RENNIX: “Then I abandoned all that” is always the beginning of a legal career.
ABRAHAM: What a sad bunch of wannabe scientists with dreams abandoned.
RENNIX: What happens to a dream deferred, does it dry up like a raisin in the sun or does it transmute into a JD overnight?
CATE ROOT (ADMINISTRATIVE MAVEN): When I was little I would’ve said I wanted to be Barbie or a princess.

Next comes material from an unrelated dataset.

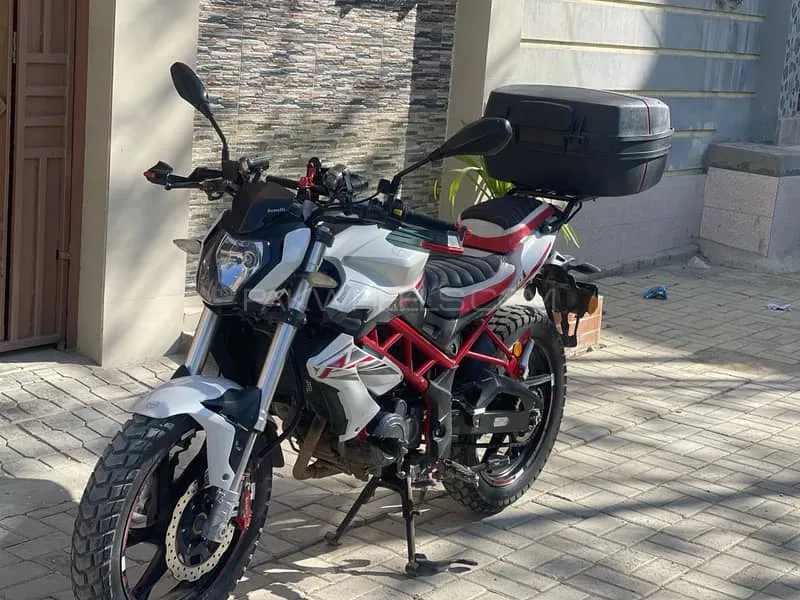 Benelli TNT 25  2019 for Sale Image-1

I wanted a title without responsibilities.
ABRAHAM: The wisest of the CA children.
ROOT: Being a wife without a husband is clutch.
BEE: Top job.
ELI MASSEY (BUSINESS MANAGER): When I was younger I thought maybe I’d be a rabbi or a lawyer, but then from fifth grade all the way up until college—when I studied at a conservatory—I thought I’d be a musician.
NATHAN J. ROBINSON (EDITOR-IN-CHIEF): I wanted so badly to be an architect. In 2nd grade I collected all these books of house blueprints and started drawing my own blueprints. I have a giant binder full of them. They’re absurd, I was an absolute obsessive. I put sizes for all the rooms but I had trouble calculating the overall square footage so all the plans have little notes from my mom where she added the square footage. Looking back, what’s remarkable is how boring they were. I wasn’t designing castles, I was designing very staid Florida single-family houses. I can’t think why this so fascinated me. Anyway, after that I wanted to be a film director and wrote a bunch of scripts before finally resigning myself to being a lawyer.
GOLD: That’s right folks: Nathan was a baby Howard Roark. Thanks for joining us!